#### Task input:
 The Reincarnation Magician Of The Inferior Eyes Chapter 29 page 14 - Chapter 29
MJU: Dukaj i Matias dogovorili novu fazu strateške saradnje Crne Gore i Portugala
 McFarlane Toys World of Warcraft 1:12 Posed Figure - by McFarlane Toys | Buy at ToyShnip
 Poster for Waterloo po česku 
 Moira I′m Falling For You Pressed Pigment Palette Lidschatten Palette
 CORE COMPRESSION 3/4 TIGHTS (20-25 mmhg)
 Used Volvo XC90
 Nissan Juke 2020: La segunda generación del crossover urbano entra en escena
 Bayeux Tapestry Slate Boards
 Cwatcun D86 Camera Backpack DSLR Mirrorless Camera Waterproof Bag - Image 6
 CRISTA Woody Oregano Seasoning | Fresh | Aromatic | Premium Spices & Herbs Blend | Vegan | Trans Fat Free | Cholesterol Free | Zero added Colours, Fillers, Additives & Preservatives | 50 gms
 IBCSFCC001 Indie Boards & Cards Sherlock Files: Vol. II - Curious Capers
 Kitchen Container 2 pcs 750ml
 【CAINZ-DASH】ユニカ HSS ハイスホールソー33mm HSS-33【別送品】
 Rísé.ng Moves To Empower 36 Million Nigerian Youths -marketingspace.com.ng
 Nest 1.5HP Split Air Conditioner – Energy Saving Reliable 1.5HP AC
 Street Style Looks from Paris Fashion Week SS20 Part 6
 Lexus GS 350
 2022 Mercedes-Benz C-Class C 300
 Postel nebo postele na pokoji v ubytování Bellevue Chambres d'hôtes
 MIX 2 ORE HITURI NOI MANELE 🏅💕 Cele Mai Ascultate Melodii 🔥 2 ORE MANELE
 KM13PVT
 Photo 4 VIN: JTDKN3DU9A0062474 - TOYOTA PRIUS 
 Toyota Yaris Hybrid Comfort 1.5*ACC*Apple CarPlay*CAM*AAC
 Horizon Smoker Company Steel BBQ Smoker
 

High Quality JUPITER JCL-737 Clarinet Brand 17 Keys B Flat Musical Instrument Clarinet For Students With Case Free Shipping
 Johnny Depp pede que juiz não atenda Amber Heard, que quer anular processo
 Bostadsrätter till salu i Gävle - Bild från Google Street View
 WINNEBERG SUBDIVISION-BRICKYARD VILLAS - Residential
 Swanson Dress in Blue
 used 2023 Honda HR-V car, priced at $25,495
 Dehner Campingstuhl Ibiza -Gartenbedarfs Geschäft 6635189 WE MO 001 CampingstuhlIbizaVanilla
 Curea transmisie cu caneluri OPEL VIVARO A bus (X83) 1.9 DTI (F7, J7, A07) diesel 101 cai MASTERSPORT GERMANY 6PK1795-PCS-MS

#### Directions for this task:
Among the lines of the data, some may contain the string "Free"; report how many, and nothing more.

#### Answer to this task:
2